→ Problem details
Pictures stay out of the copy. Retype exactly the lines below from the one with "It's really, really" through the one with "Sometimes in the".

Extracted entries: Begin

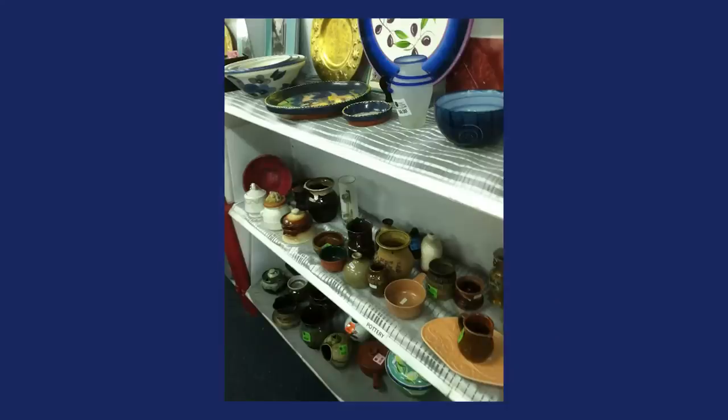Hi, I'm Dr. Lori, the PhD antiques appraiser, and I'm back with more Real Bargains. These are the bargains people are finding at thrift stores, yard sales, antique shops, all over. The people who I'm going to share Real Bargains about have given me permission to do so. Let's get started.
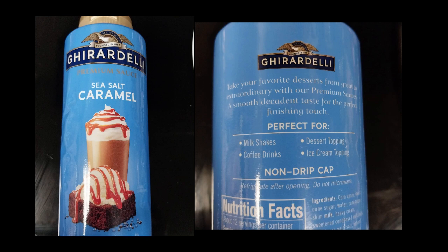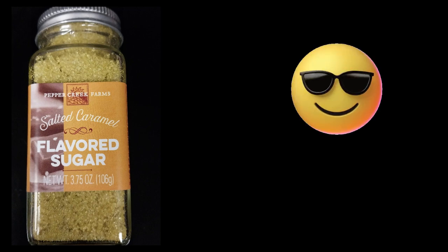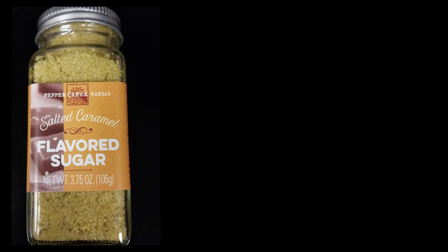It's really, really good and I would highly recommend it. Another item I use is salted caramel flavored sugar from Pepper Creek Farms. I got this off Amazon — again, reasonably priced. You can sprinkle it on top of items; I use it in iced coffee as well. I really like the salted caramel flavor.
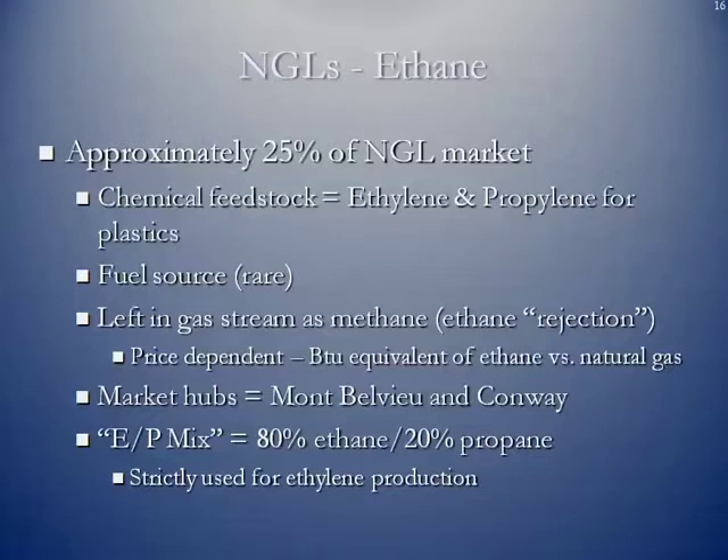Sometimes in the middle of winter, the actual price of natural gas on a BTU basis far exceeds that of selling the ethane in liquid form. So you'll find processing plants go into what they call ethane rejection — they leave the ethane in the natural gas stream. The same market hubs apply: Mont Belvieu and Conway. If you hear the term EP mix in the natural gas liquids industry, that means it's 80% ethane and 20% propane, and that is strictly used for ethylene production.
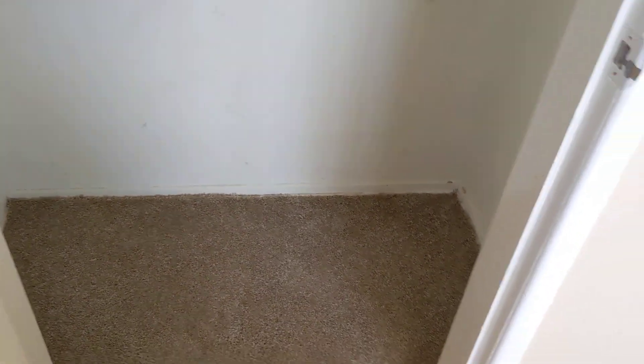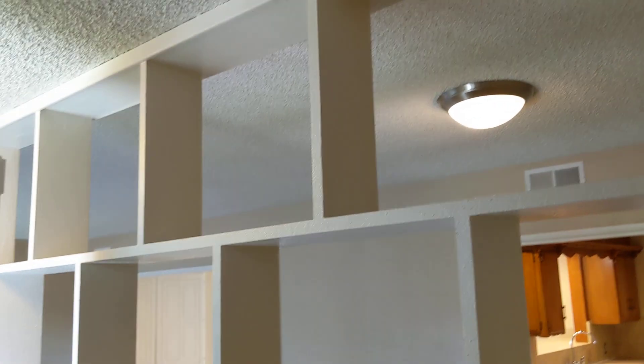And the final bedroom is over here. All bedrooms do have ceiling fans. This is the closet in this bedroom. And then this comes right back out to the front area, where there is a coat closet with some storage.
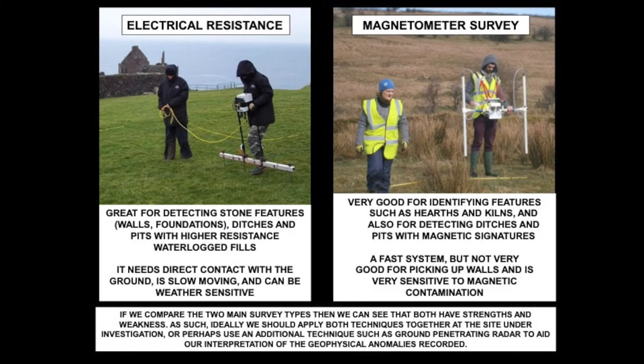There are two methods of geophysical surveying that we use at Queen's. The first is electrical resistance, which is what we used at Corner Hove and what detected the potential castle site in Lisburn. It's a great method for detecting stone features such as walls and foundations, and also very good at detecting ditches and pits with waterlogged fills. To undertake this method you need direct contact with the ground — you put the spikes in, lift the instrument, move it forward maybe 50 centimetres, drop it down again. It's very slow and the process can be affected by the weather.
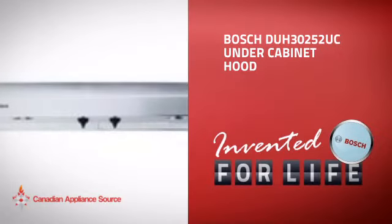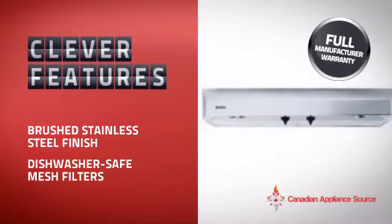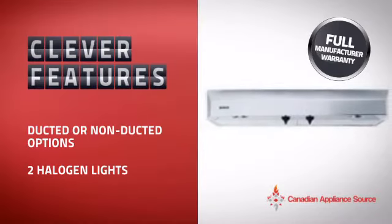This under-cabinet hood from Bosch is just the kind of smart hood you want. With clever and sturdy features that give you the performance you're after, plus a reliable manufacturer warranty,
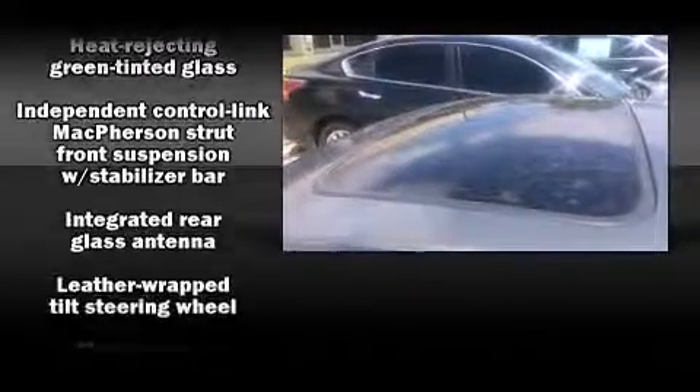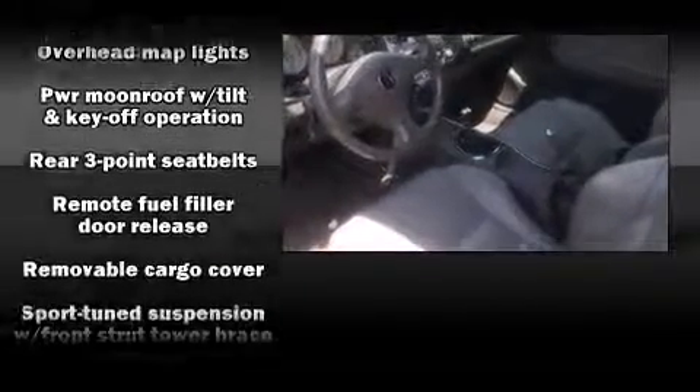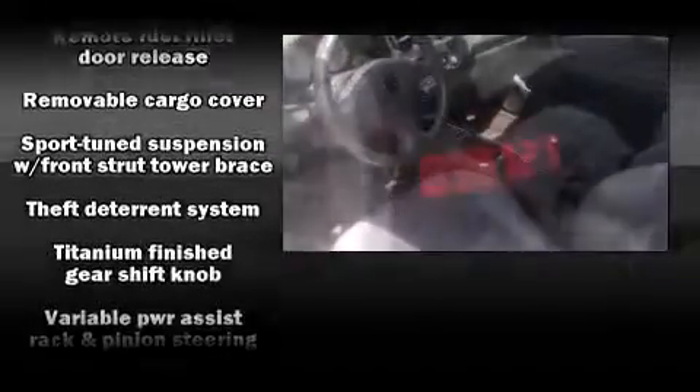Acura also prioritized safety and security by including dual front impact airbags, front side impact airbags, a security system, and four-wheel disc brakes with ABS.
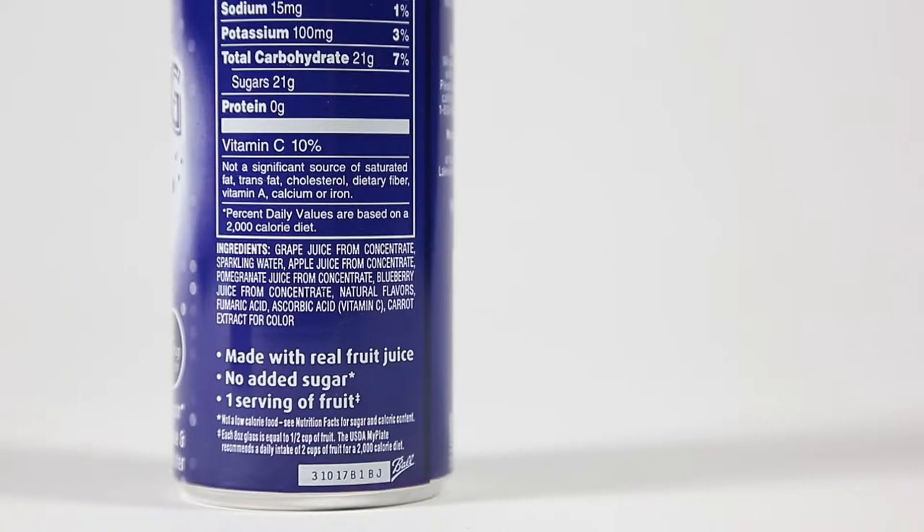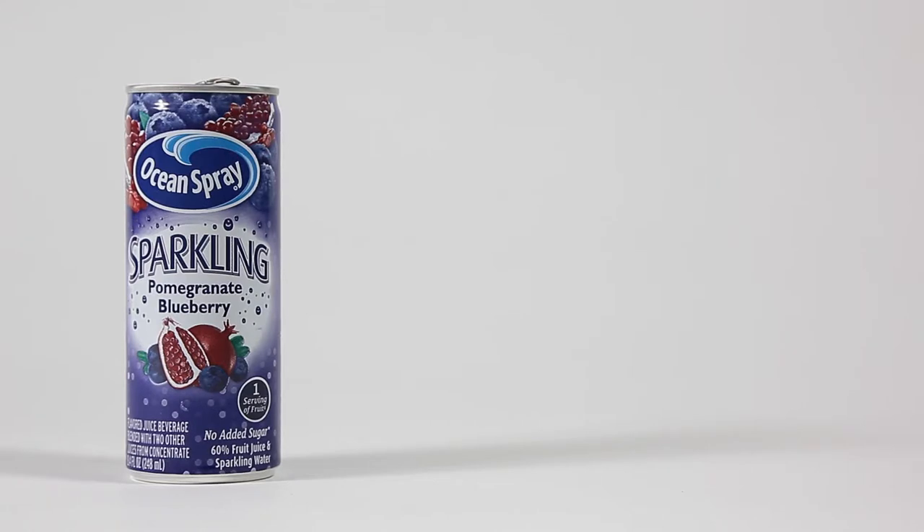For those of you who didn't know, ingredients are always listed in the order of how much there is of that ingredient. So the first thing we have in our blueberry pomegranate juice is grape juice. Then sparkling water, then apple juice. It's not until ingredient number four do we see pomegranate juice, and ingredient number five is blueberry juice. So that means there's more grape juice, sparkling water, and apple juice than any of the products listed on the label as what this product actually is.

Extracted entries: End

→ Exercise solution
It's really, really good and I would highly recommend it. Another item I use is salted caramel flavored sugar from Pepper Creek Farms. I got this off Amazon — again, reasonably priced. You can sprinkle it on top of items; I use it in iced coffee as well. I really like the salted caramel flavor.
Sometimes in the middle of winter, the actual price of natural gas on a BTU basis far exceeds that of selling the ethane in liquid form. So you'll find processing plants go into what they call ethane rejection — they leave the ethane in the natural gas stream. The same market hubs apply: Mont Belvieu and Conway. If you hear the term EP mix in the natural gas liquids industry, that means it's 80% ethane and 20% propane, and that is strictly used for ethylene production.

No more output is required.